Second, make change a tradition. By their very nature, political parties are creatures of nostalgia and habit. But Blair points out that a party cannot stay true to its oldest principles if it is afraid to modernize its policies: "Values unrelated to modern reality are not just electorally hopeless, the values themselves become devalued. They have no purchase on the real world." Blair says he has always loved the Labour Party, but adds: "There's only one tradition I hated: losing."

Third, don't forget to think and believe at the same time. Blair reminds us that the true measure of political courage is not what a party can promise, but what it can deliver:

"The true believer believes in social justice, in solidarity, in help for those not able to help themselves. … But they also know that these values, gentle and compassionate as they are, have to be applied in a harsh, uncompromising world and what makes the difference is not belief alone, but the raw courage to make it happen."

Finally, and perhaps most important, relish the hard choices that come with responsibility, not run from them. Under Bush, Republicans have become far too comfortable in ignoring the country's problems, and Democrats sometimes too comfortable in opposition. As Blair says,

"The danger for us today is not reversion to the politics of the 1980s. It is retreat to the sidelines. To the comfort zone. It is unconsciously to lose the psychology of a governing Party. As I said in 1994, courage is our friend. Caution, our enemy. A governing Party has confidence, self-belief. It sees the tough decision and thinks it should be taking it. Reaches for responsibility first. Serves by leading."

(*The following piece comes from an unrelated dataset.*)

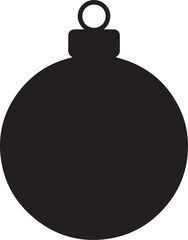 Obraz premium Black Christmas Ornament Icon,Minimal Holiday Decoration Symbol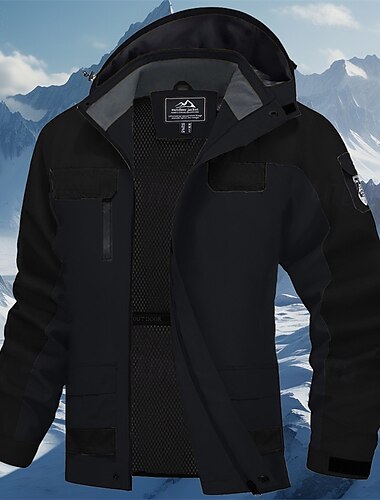  Herren Regenjacke Außen Wasserdicht Winddicht Wanderoutfits Wanderbekleidung Frühling Herbst Windjacke Patchwork Dunkelgrau Schwarz Weiß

As new threats to our national and economic security emerged over the past six years, we could have used a governing Party here in America.
Repeating Reed: "[H]ow to win, how to lead, how to think, and how to earn the right to govern." The last time we saw those was in the Clinton administration. Here's to seeing them again directly.

A governing Party has confidence, self-belief. It sees the tough decision and thinks it should be taking it. Reaches for responsibility first.

It's hard to compare a Parliamentary system to ours when discussing parties. But this one quote, to me, is the crux of the problem among Democrats.

The Bush Administration, did see a tough decision and did reach for the responsibility in taking on Islamic Fascists, first in Afghanistan, then in Iraq. I'd have chosen differently after Afghanistan, and certainly would have liked to have seen things go better... But the fact remains that he chose to confront the enemy.

For the Democrats to win they must reach for the responsibility and tell us how THEY will confront the enemy. Hell they need to tell us they recognize the enemy and NOT do what they appear to prefer, or as Reed warns: "The danger for us today is... is retreat to the sidelines."

Democrats win on almost every issue but security... why? Where are the Democratic voices clamoring for the responsibility?

One other thing I think the Democrats err with, is their emphasis on party and party loyalty. We don't have a parliamentary system where the majority party picks the Prime Minister, and where members are picked to run for election not by where they live, but by a quirky system of longevity, merit and liklihood of being elected in WHICHEVER district.

The Republicans have been successful championing individual races, while the Democrats rely on party loyalty. They've lost many of us as a result. Much of Clinton's success was in reaching out to the middle. As the Republicans get too comfortable in power the Democrats will eventually figure out that they need us moderates... but to get me and those like me, they have to be serious on security... at the very least they have to be less venomous to the hawks in their ranks.
You know that I see Islamacist yahoos as a threat that has to be deal with, and I'm supportive of those who deal with that threat *effectively*. Choosing to identify and confront the enemy, in this case, is something to note and recognize as valuable.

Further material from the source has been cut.